RAW DATA Block Start

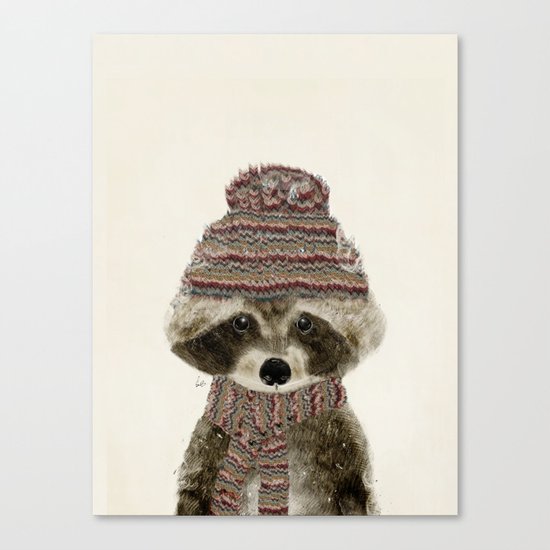 little indy raccoon Canvas Print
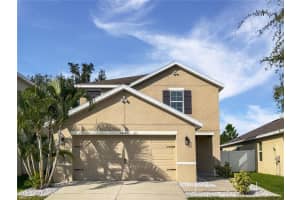 10121 Geese Trail Cir, SUN CITY CENTER
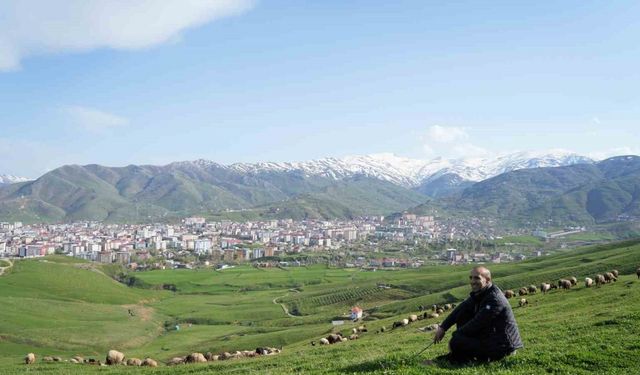 Kavalsız kaval sesi çıkarıyor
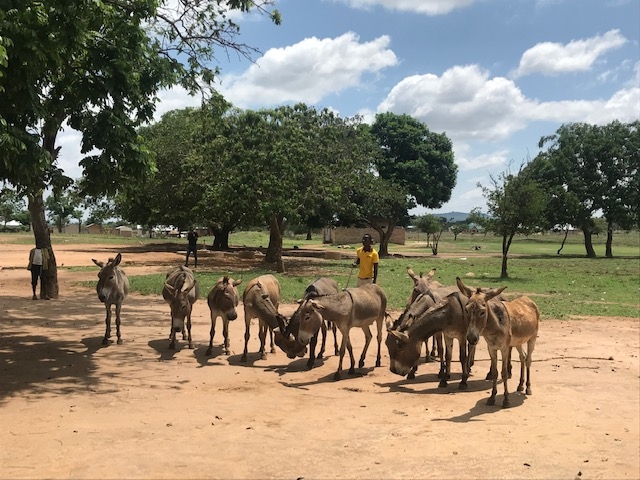 Group of donkeys standing in a clearing in Tanzania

RAW DATA Block End

> HOW TO COMPLETE THIS TASK
Nothing but the lines from the line containing "10121 Geese Trail Cir, SUN CITY CENTER" through the last line of the material may be output, and they must be copied exactly, without pictures.

> TASK RESULT
 10121 Geese Trail Cir, SUN CITY CENTER
 Kavalsız kaval sesi çıkarıyor
 Group of donkeys standing in a clearing in Tanzania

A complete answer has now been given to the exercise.